A SUCCESSFUL CAREER IN FILM MUSIC IS A COMMON MUSICIANS GOAL, YET TODAY'S CINEMAS ARE STILL USING YESTERDAY'S SOUND TECHNOLOGY. WHAT CAN BE DONE TO BRING FILM SOUNDTRACKS INTO THE '90S?
SO YOU'RE NOT going to be a pop star or pioneer new techniques in experimental sound composition - instead you're going to put music to pictures on The Big Screen. Aside from the music, what technical considerations need to be made? Sure, films use stereo imaging for the music, but what about the dialogue and fx - how do they fit into the picture? And what about the last link in the chain, the replay of the soundtrack in cinemas country- or world-wide?

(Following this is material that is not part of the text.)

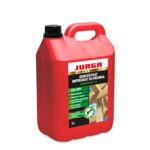 Impregnat do drewna WOODPROOF 1:9 5 l JURGA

With the launch of more television channels in the UK and the increasing quality of home video replay systems, it's small wonder that movie theatres are currently facing some stiff competition. What the cinema currently has is a virtual monopoly on new films and a screen big enough to give the images a presence beyond the scope of domestic television. What the cinema does not have at present is a sound system that matches the scale of its pictures. Let's take a look at the 1990 film theatre - not at the quality of the images, not in terms of theatrical presentation, not even in terms of the state of the auditorium, but simply the sound the audience hears.

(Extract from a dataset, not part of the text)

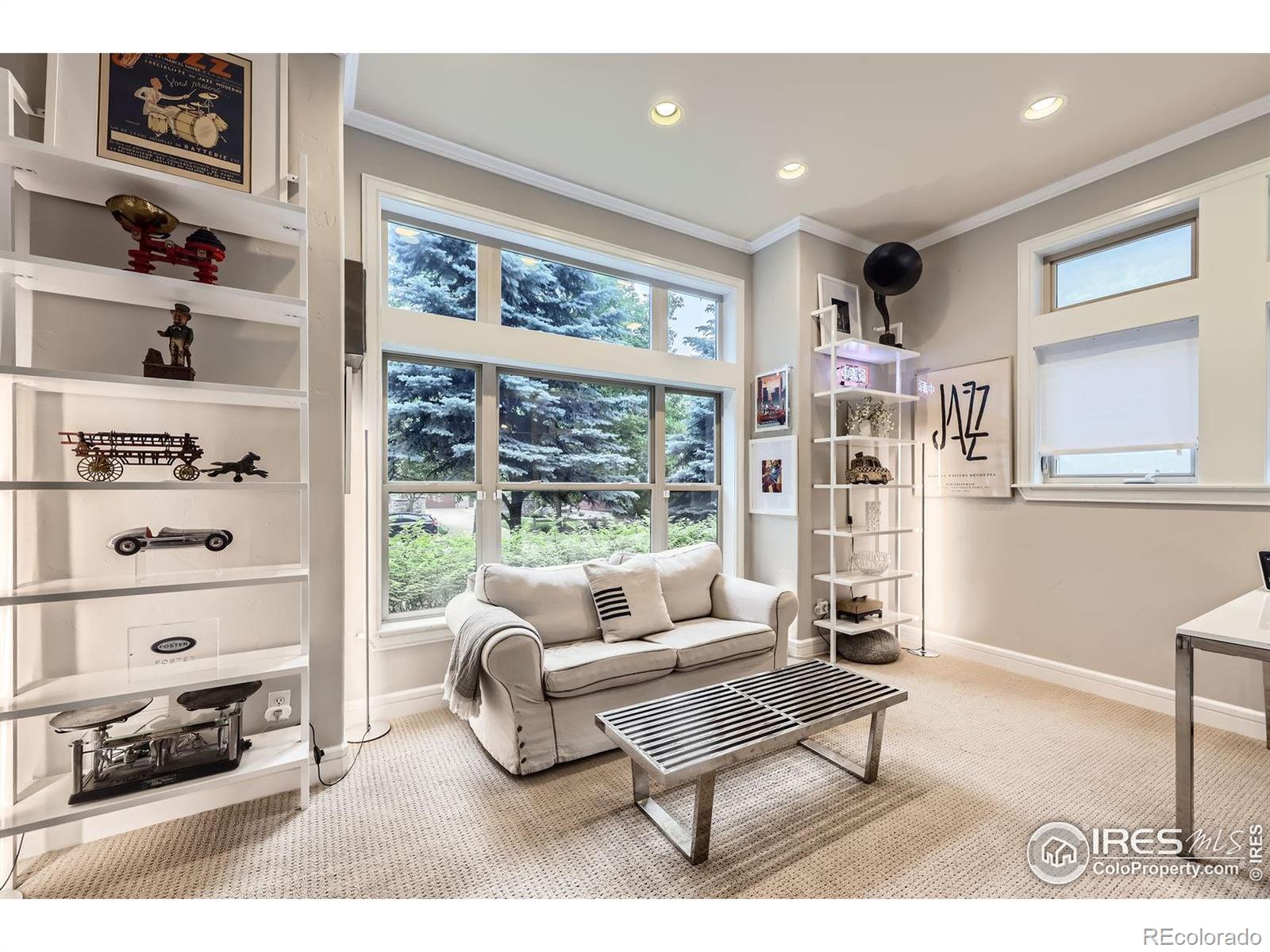 MLS Image #11 for 714  skywalker point,lafayette, Colorado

The history of cinema sound is well documented, with today's systems little changed from techniques developed over 20 years ago. While digital techniques for storage and transmission of sound have improved the production stages, the same cannot be said for the average movie theatre.
The cinema needs to recapture a sense of awe and mysticism that it has lost over the years, to offer an experience both visual and aural not readily available within the home. Technological advances in the professional audio sector have progressed to the point where a distinction between domestic systems and the movie theatre should be more than clearly obvious. Naturally it is the task of the producer and director to use the tools and people at his or her disposal to their best advantage. Unfortunately, a lack of adherence to standards and bad practice within the theatre industry can easily ruin the efforts of all concerned. A large screen poorly illuminated, or a projector with motion instability is an irritation compounded by scratches, dirt, bad splices and irrational cue dots. Poor sound in the form of unclear dialogue and distortion is a good case for renting or buying the video instead. Admittedly, sound is subjective because we all hear slightly differently, but ground rules should still apply to allow a satisfactory sound balance to be achieved.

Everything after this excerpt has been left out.